Use the Show axes tool to check the location of your array after translating.

4. Build a sphere and 2 mostly overlapping boxes for the air bubble and baseplate:

Name	Element type	Center point (m)	Size (m)
Sphere	Sphere	x: 0	Radius: Rair
		y: 0
		z: 0

Name	Element type	Center point (m)	Size (m)	Rotation (deg)
Box	Box	x: 0	x: 2*Rair	x: 90
		y: 0	x: 2*Rair	y: 0
		z: Rair+thmem/2	x: 2*Rair	z: 0

Name	Element type	Center point (m)	Size (m)	Rotation (deg)
Box 2	Box	x: 0	x: 2*Rair	x: 90
		y: 0	x: 2*Rair	y: 0
		z: Rair-thmem/2-thcavity	x: 2*Rair	z: 0

5. Apply the Fragment all operation.

6. Remove extra box and sphere sections (4 volumes in total, selected as in picture below).

7. Remove the cavity disc volume under each PMUT in the array.

Step 2 - Materials

Proceed to the Properties section to define the model materials.

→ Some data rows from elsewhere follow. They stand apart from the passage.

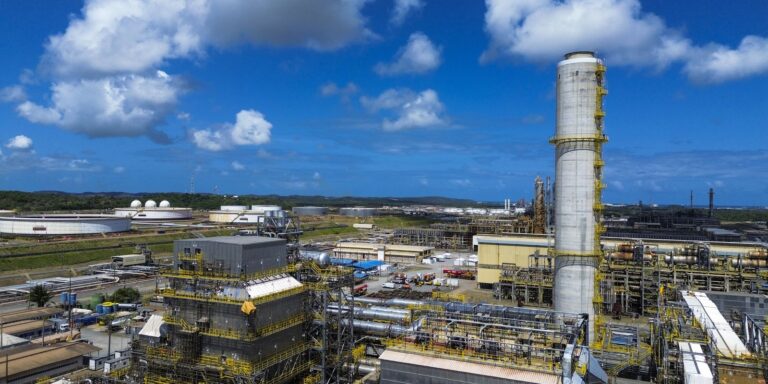 Refinarias da Petrobras operam acima da capacidade e fortalecem produção nacional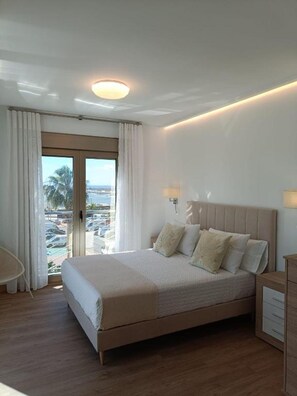 2 Schlafzimmer, Bügeleisen/Bügelbrett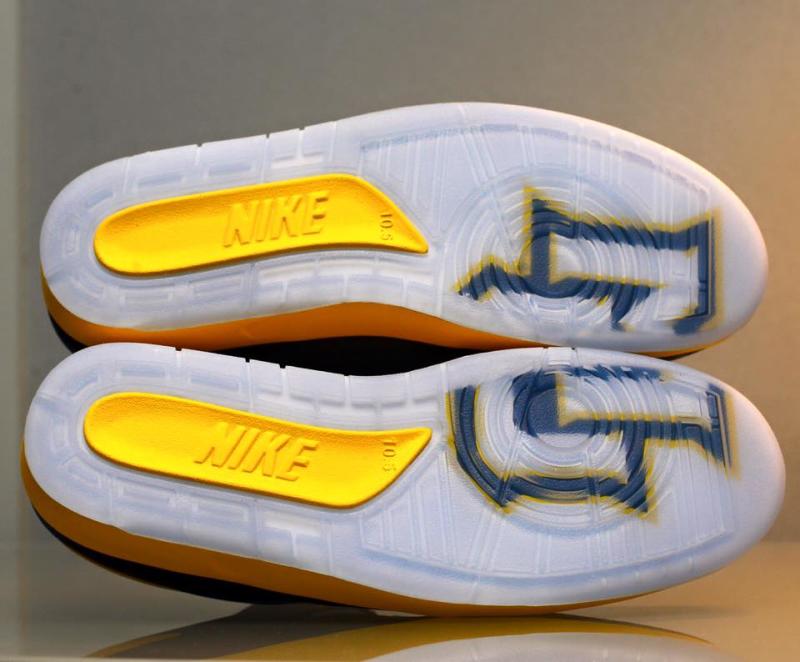 air-jordan-ii-low-marquette-5_o3s26z.jpg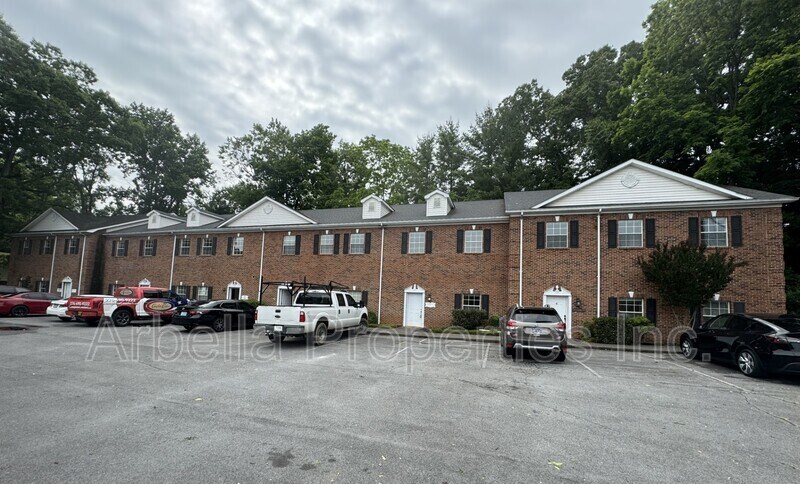 Primary Photo - 902 Sunset Dr 7B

1. Assign Air from the material library to the air bubble volume. Save the target as a shared region.
2. Create a Geometry selector type shared region called pzt. Include the small top disc of each PMUT in the shared region. This is easiest to do by setting both Minimum size and Maximum size with one of the small discs. Use the Pick similar tool to select the disc for min and max size.
3. Assign PZT from the material library to the pzt shared region.
4. Create a shared region called all, containing all volumes. It is easiest to do this by creating a computed region and picking the Complement of nothing. This way the all region is also updated if your geometry changes.
5. Create a Computed region type shared region. Call it mono-si, and include all the remaining volumes, i.e. the membrane disc of each PMUT as well as the large circular baseplate. To pick these volumes easily, use the Difference operation. Select regions all, pzt and Air target for the operation. The difference of these regions yields the volumes highlighted below (air bubble hidden):
6. Assign Monocrystalline silicon from the material library to the mono-si shared region.

Step 3 - Physics

In total, 3 physics are used in this example: Elastic waves, Acoustic waves and Electrostatics. Add all of them to your project, after which you can move on to defining their interactions.

Physics 1 - Elastic waves

• As elastic waves target, select all volumes except the air bubble.
• Add a Clamp interaction.
  • As clamp target, select the baseplate volume.
• Add the Elastic waves—Electrostatics coupling Piezoelectricity.
  • As piezoelectricity target, select the pzt shared region.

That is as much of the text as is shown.